■ DIRECTIONS FOR THIS TASK
From the records below, copy out exactly the lines from the one containing "Topstype Womens Henley" to the one containing "10PCS Interior Lights", both included. Add nothing else.

Segment Start: SOURCE MATERIAL

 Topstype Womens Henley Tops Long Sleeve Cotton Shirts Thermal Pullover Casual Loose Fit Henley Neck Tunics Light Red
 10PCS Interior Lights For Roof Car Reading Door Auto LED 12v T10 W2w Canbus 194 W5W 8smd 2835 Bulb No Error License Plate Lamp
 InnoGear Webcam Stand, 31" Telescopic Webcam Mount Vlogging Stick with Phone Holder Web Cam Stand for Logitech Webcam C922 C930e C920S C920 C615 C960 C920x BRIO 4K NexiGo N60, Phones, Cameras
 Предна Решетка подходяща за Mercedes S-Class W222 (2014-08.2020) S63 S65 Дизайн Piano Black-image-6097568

Segment End: SOURCE MATERIAL
Segment Start: SOURCE MATERIAL

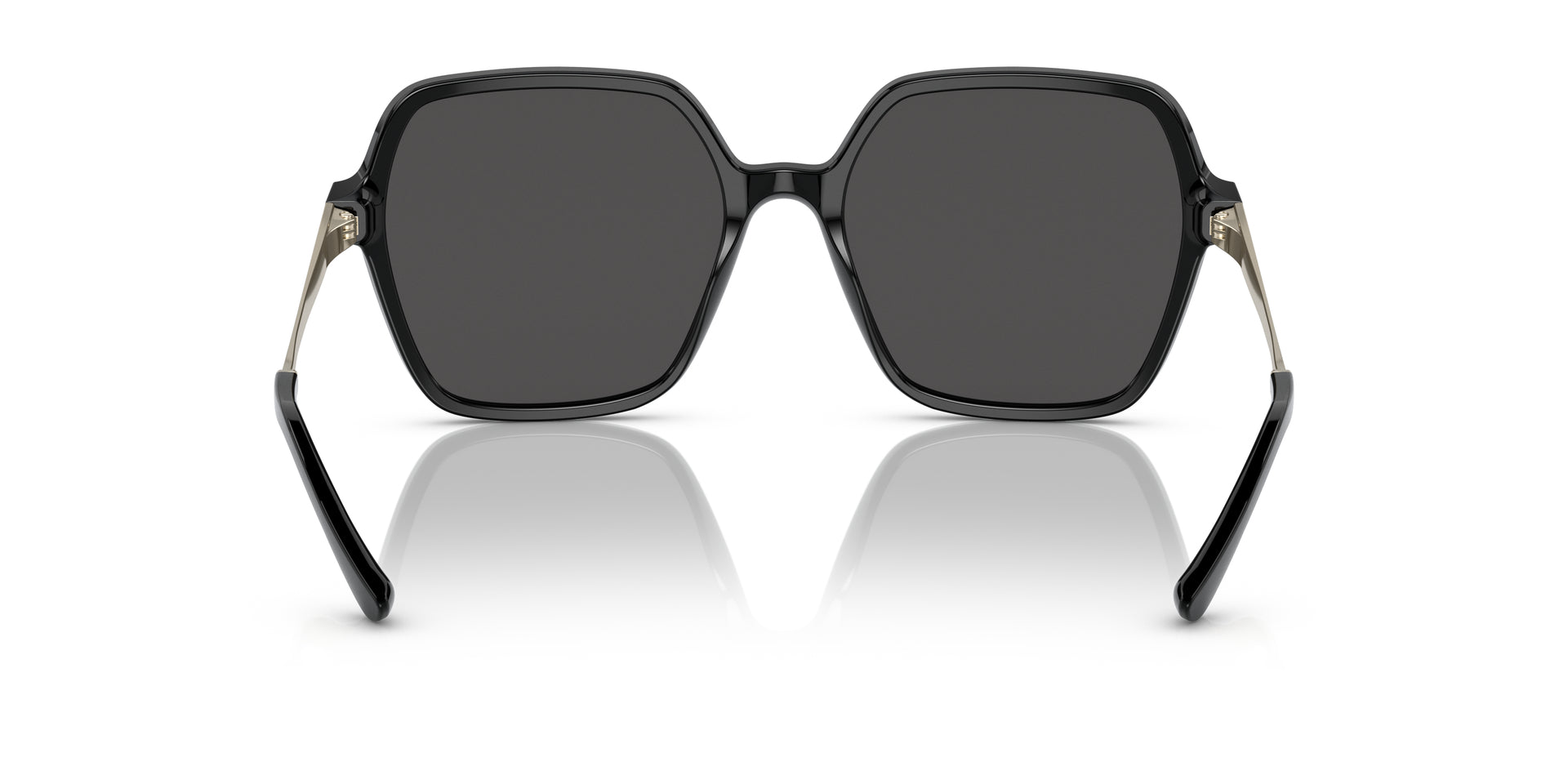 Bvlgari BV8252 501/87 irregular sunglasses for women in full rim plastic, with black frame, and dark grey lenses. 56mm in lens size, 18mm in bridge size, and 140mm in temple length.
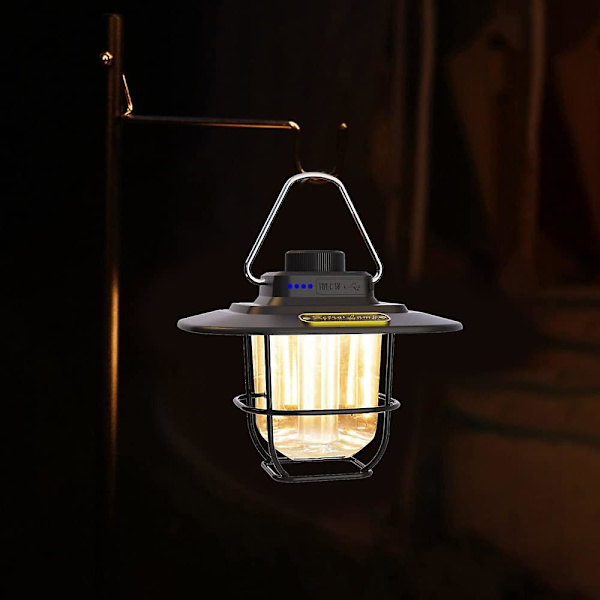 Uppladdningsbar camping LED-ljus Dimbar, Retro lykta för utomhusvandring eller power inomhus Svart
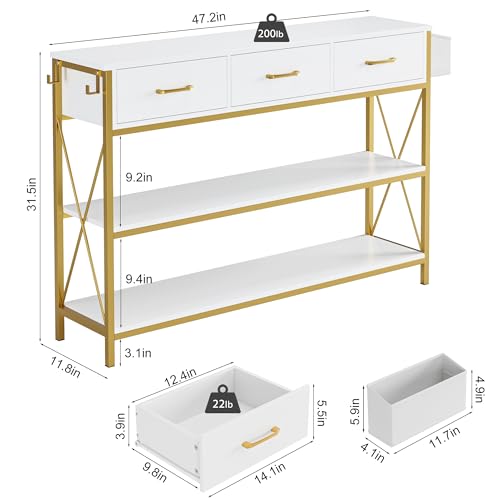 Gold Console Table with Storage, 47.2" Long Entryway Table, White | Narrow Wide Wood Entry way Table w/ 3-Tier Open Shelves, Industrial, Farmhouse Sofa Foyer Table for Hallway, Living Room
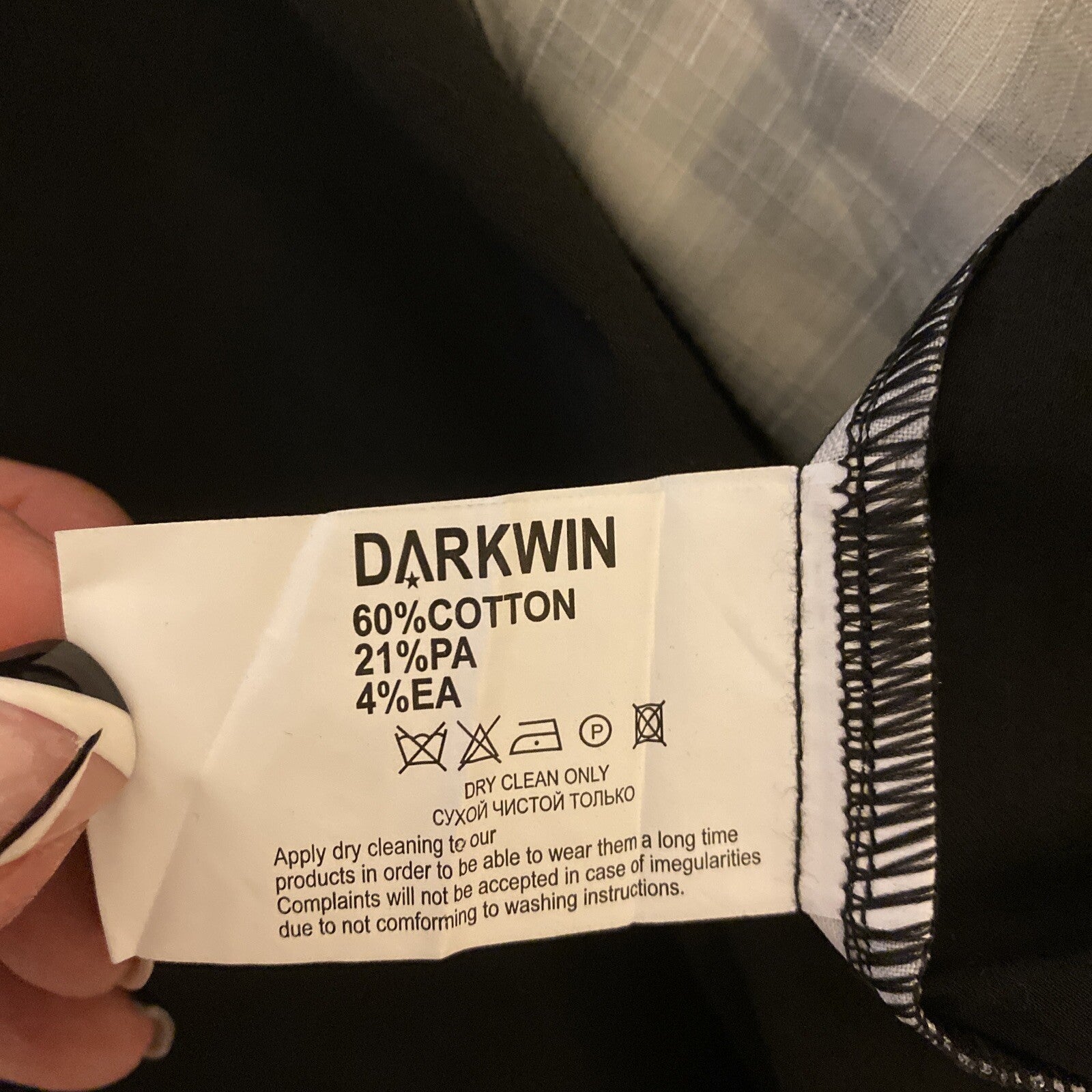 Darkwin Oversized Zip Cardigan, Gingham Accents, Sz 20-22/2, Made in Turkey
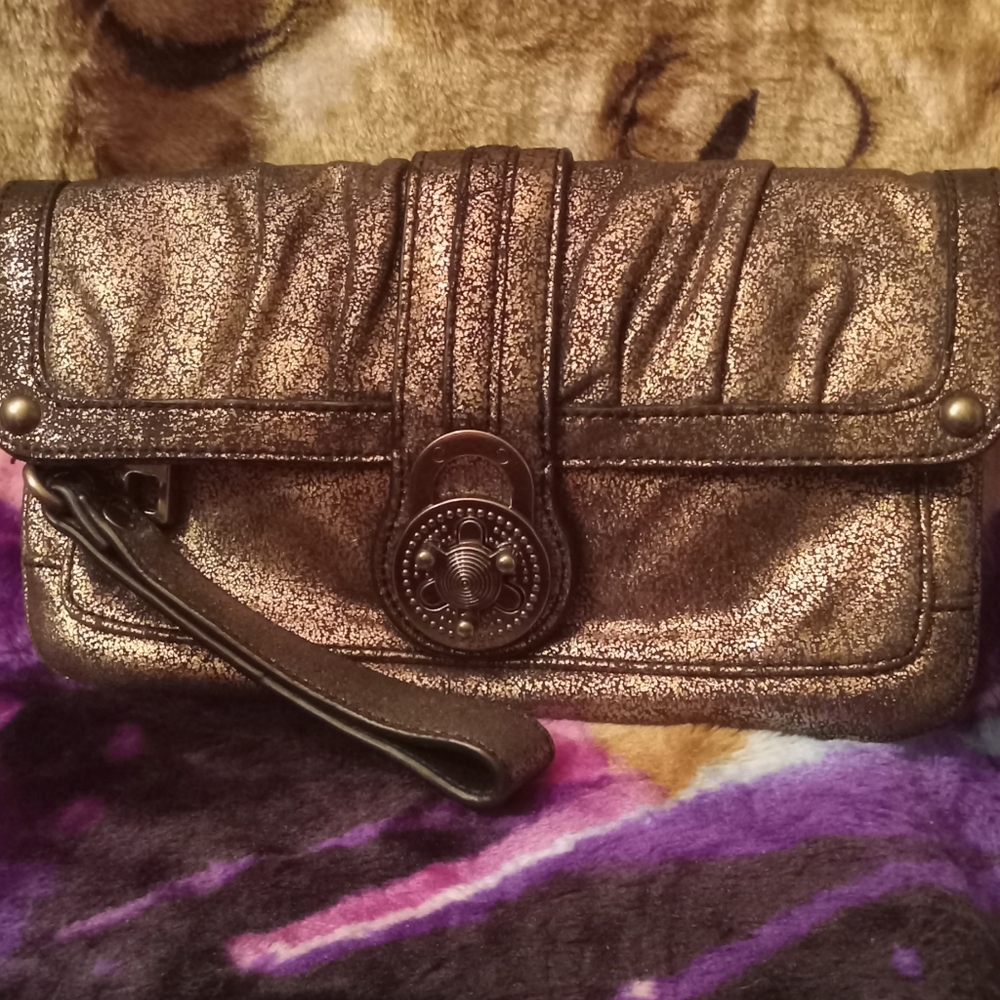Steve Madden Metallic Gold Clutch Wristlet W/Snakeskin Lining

Segment End: SOURCE MATERIAL
Segment Start: SOURCE MATERIAL

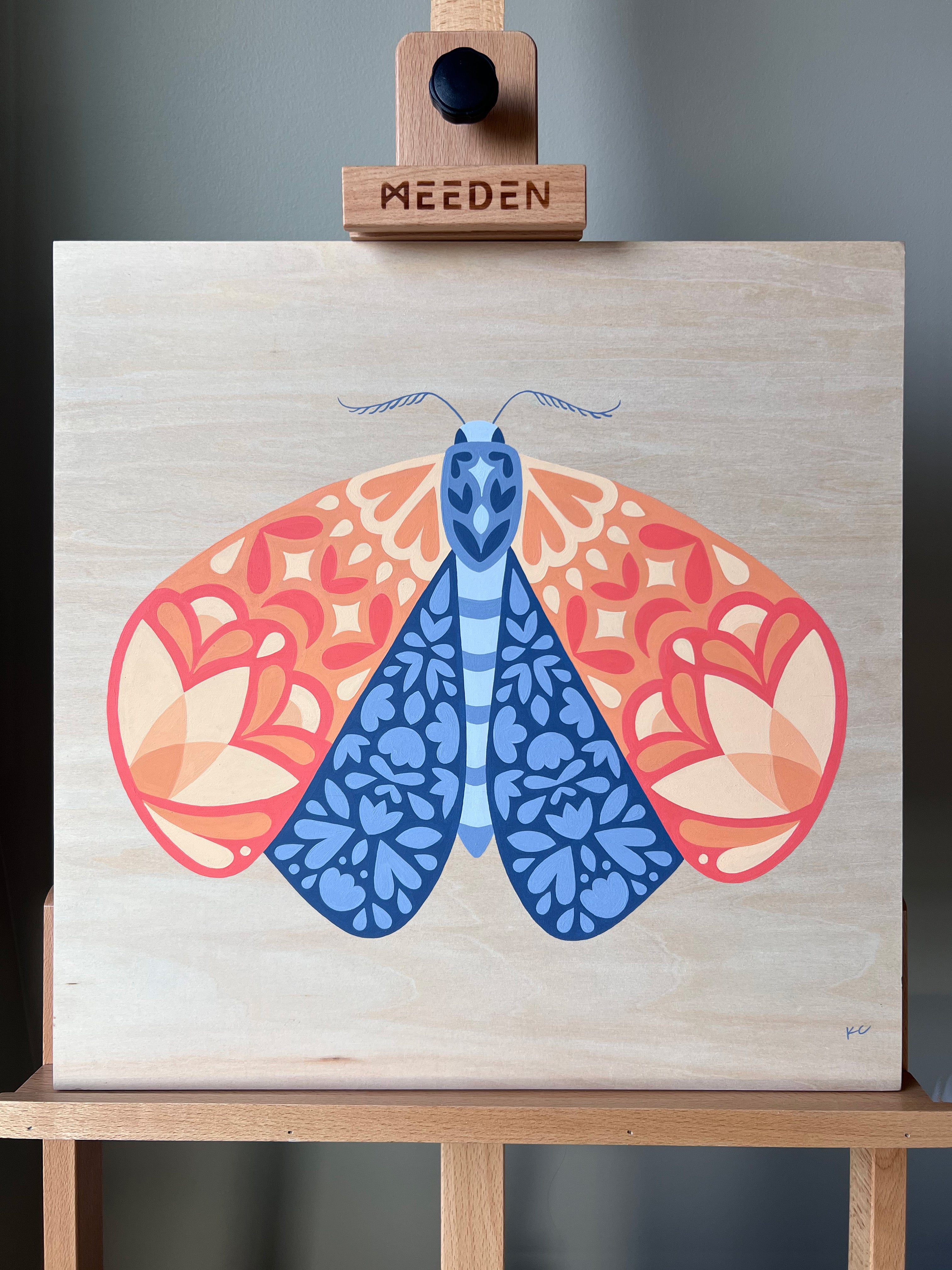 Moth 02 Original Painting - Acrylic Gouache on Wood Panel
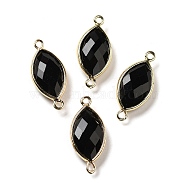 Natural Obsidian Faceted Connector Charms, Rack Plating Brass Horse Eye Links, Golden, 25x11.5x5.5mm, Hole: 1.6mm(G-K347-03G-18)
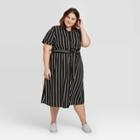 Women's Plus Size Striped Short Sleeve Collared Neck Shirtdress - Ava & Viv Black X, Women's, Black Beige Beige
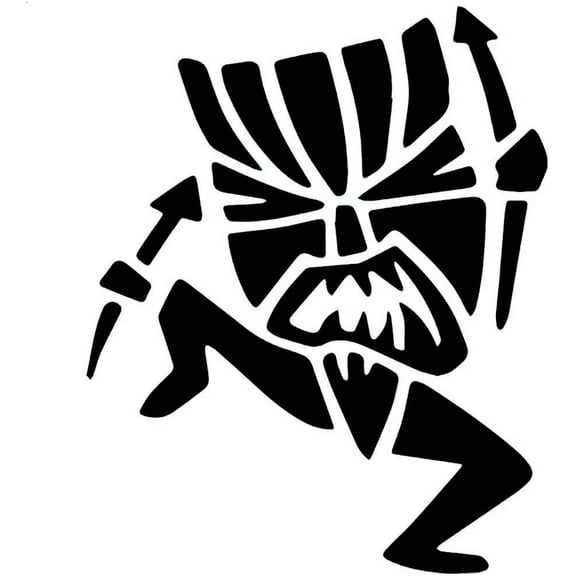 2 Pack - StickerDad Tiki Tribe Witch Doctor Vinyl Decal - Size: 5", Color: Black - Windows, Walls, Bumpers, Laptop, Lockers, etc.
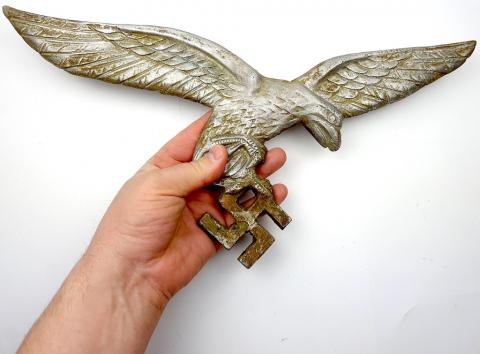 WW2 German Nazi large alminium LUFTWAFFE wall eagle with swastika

Segment End: SOURCE MATERIAL

■ ANSWER SECTION
 Topstype Womens Henley Tops Long Sleeve Cotton Shirts Thermal Pullover Casual Loose Fit Henley Neck Tunics Light Red
 10PCS Interior Lights For Roof Car Reading Door Auto LED 12v T10 W2w Canbus 194 W5W 8smd 2835 Bulb No Error License Plate Lamp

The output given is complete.